Task instructions - Give back exactly the stretch of data below from the line holding "走廊摆桌大楼花艺酒店大圆桌售楼处端景台会所大堂花台风水台圆桌" through the line holding "#LTKstyletip #LTKhome #LTKfamily", both ends included, and leave the remaining lines out.

Record extracts -

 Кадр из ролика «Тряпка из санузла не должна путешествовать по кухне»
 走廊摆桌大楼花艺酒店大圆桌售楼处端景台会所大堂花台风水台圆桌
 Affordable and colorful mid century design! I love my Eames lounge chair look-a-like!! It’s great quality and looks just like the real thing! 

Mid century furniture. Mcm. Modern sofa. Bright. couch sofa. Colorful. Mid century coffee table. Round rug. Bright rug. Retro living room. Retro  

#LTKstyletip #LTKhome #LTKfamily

--

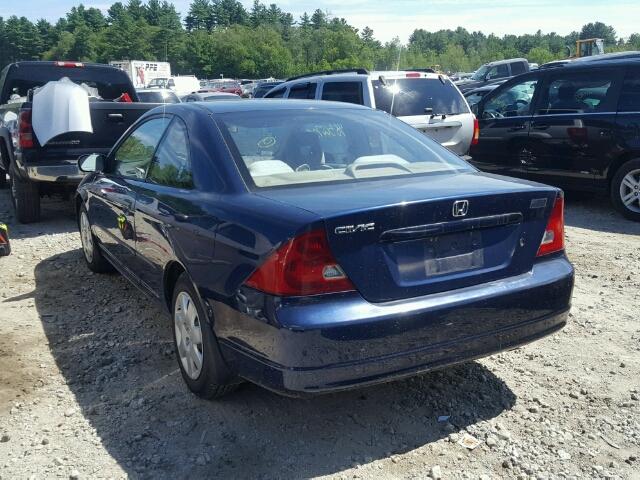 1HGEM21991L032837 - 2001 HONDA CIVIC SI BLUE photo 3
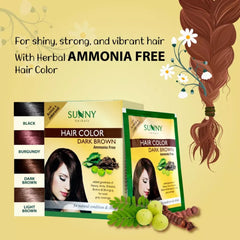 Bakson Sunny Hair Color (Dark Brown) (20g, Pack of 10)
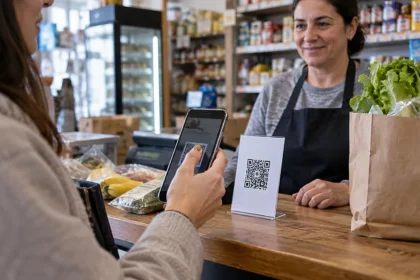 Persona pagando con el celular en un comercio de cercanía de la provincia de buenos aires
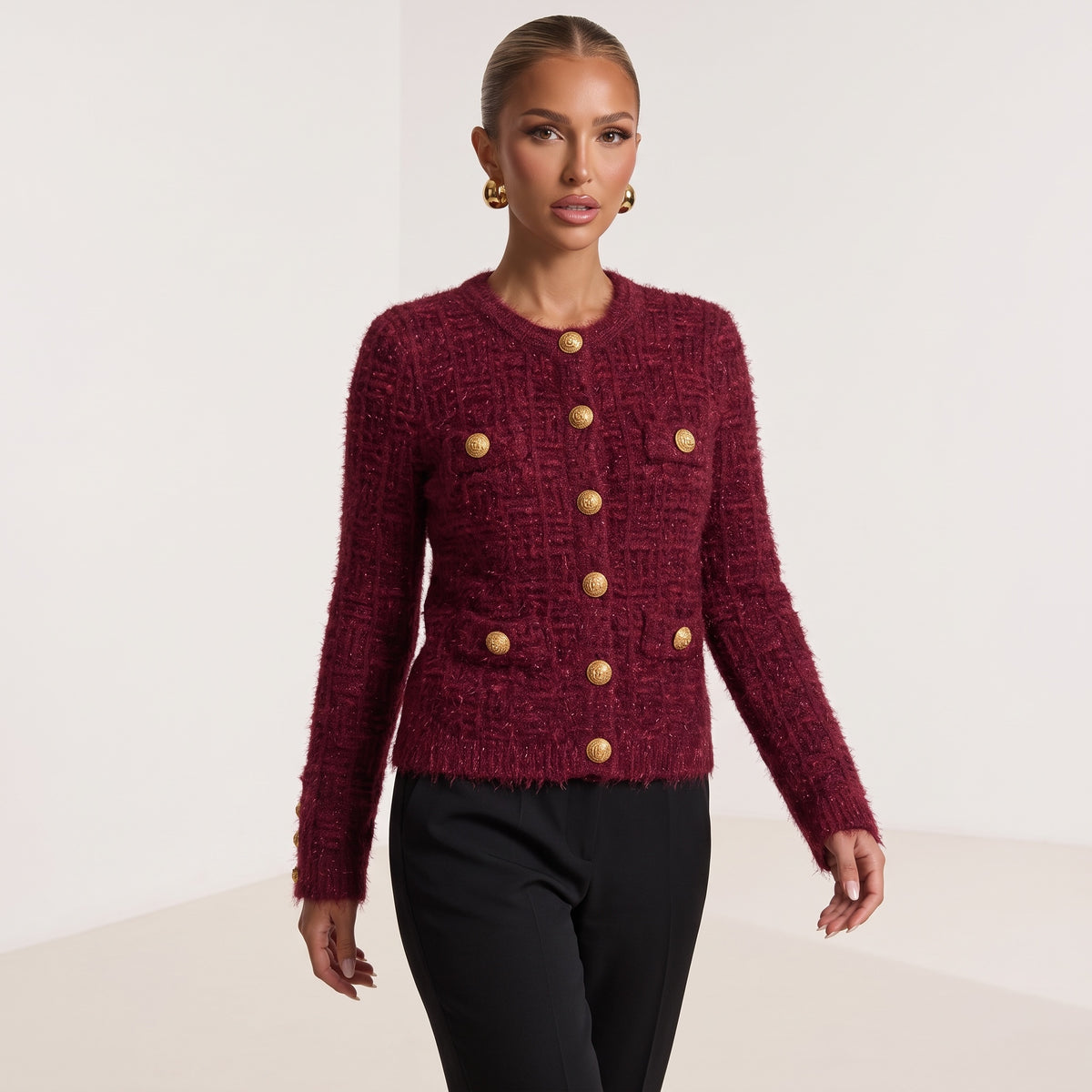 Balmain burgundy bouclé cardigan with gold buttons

Answer to this exercise -
 走廊摆桌大楼花艺酒店大圆桌售楼处端景台会所大堂花台风水台圆桌
 Affordable and colorful mid century design! I love my Eames lounge chair look-a-like!! It’s great quality and looks just like the real thing! 

Mid century furniture. Mcm. Modern sofa. Bright. couch sofa. Colorful. Mid century coffee table. Round rug. Bright rug. Retro living room. Retro  

#LTKstyletip #LTKhome #LTKfamily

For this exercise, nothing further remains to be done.